This post is on the Open Air BDSM web board.
| Tue 4 Aug 09, 11:50 PM TrainerBryan UK(RH), 5 yrs |
NDPC Risk assessment = off the scale
It is fair to say that this event had its fair share of mechanical hiccups, as fortune would have it we suffered no personal injury to man or beast. This is not including of course the bruising of my bum and my ego as my sulky became a Herby and split in two. Once again I fail to see the humour in my personal traumatic brush with death at the hooves of the two magnificent pony's whose brute strength alone wrent my sulky asunder. Anybody who tells you it was down to my welding is entirely misguided.
As for all the usual requirements that go to making up these events. We had the M25 closed north of the river. We had the threat of rain. Yet despite this two of my good friends and travellers made it from oop north across the Woolwich ferry to join us for a few hours of hot dry play.

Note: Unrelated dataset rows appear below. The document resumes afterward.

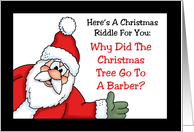 Funny Christmas For Kids Why Did The Christmas Tree Go To The Barber card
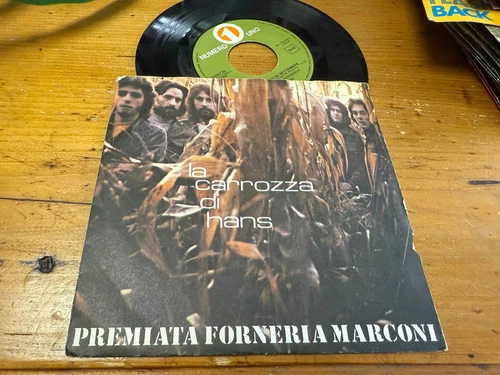 7"  ITALY 1971 Premiata Forneria Marconi – La Carrozza Di Hans   COME NUOVO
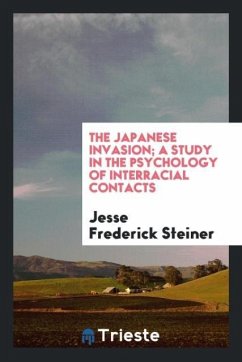 The Japanese invasion; a study in the psychology of interracial contacts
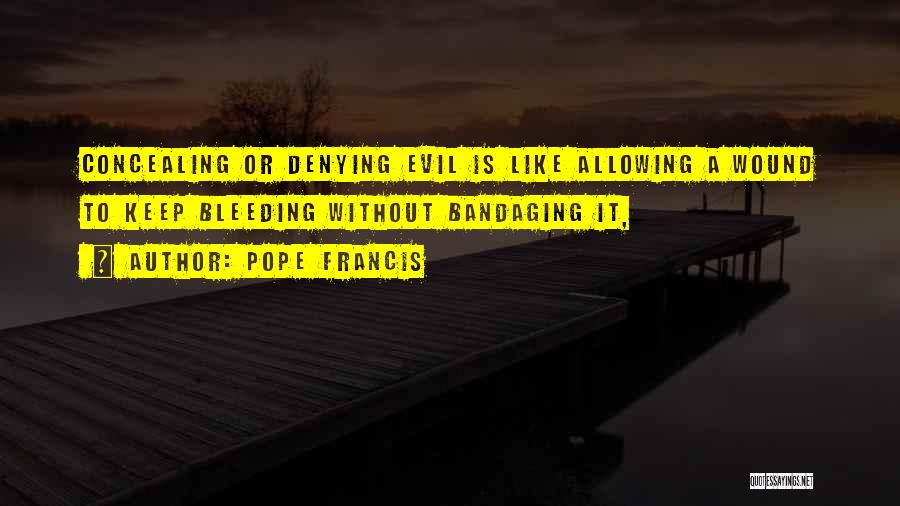 Pope Francis Quotes: Concealing Or Denying Evil Is Like Allowing A Wound To Keep Bleeding Without Bandaging It,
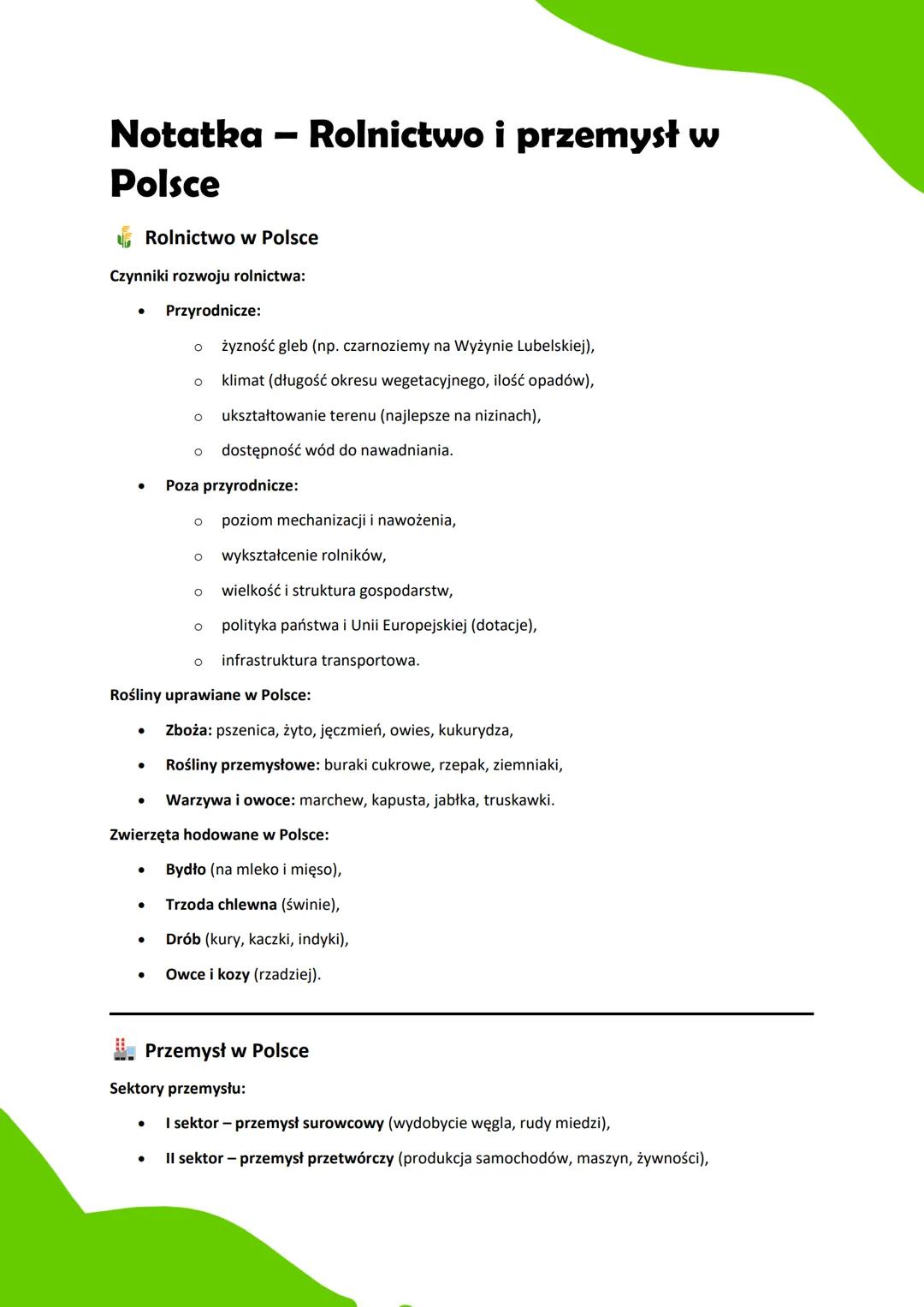# Notatka - Rolnictwo i przemysł w
Polsce

## Rolnictwo w Polsce

Czynniki rozwoju rolnictwa:

*   Przyrodnicze:

    *   żyzność gleb (np.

By the mid afternoon I had 5 texts to say people could not make it for one reason or another.
Given that most of these where cpls. I will leave you to do the maths. What we did end up with was by far the most fun event I think I can personally recall in the history of the club. Billed as THICKSTEAD by one of our regular pony's (yes a pony with whit) it lived up to its name to the tee. We had a jump off as the first event with real proper grown up jumps. One particular stallion will be hobbled or shot if he drags me round the course like a butcher's dog stealing sausages again. A job for Sir Ian and his gun I feel? The jousting went off as usual with great hilarity and minimal cheating. This could not be said however for trainer and pony that chose to cut a swathe through the tea party under a shady tree thus adding a good few seconds ONTO there time. Yet still coming in first on the second run. Practice huh?
It is my duty to impart details of yet another mechanical breakdown of epic proportions. This time not in the paddock where assistance and repair could be made available post haste. No this misshape occurred on the dense woodland path. Making helicopter access impossible. We are to far from any navigable river to make a nautical rescue viable. So the only alternative short of bringing in the marines. Was to carry SIR IAN's broken sulky out by hand. God it was hell. I would have helped but my bum hurt.
All in all as far as I could see and tell. The 18 revellers that survived the Motorway system had a fantastic time. Old faces welcomed new and made firm friends on a whinny and a handshake. I know the NDPC will go from strength to strength if we keep up this level of enthusiasm and pride in what we offer.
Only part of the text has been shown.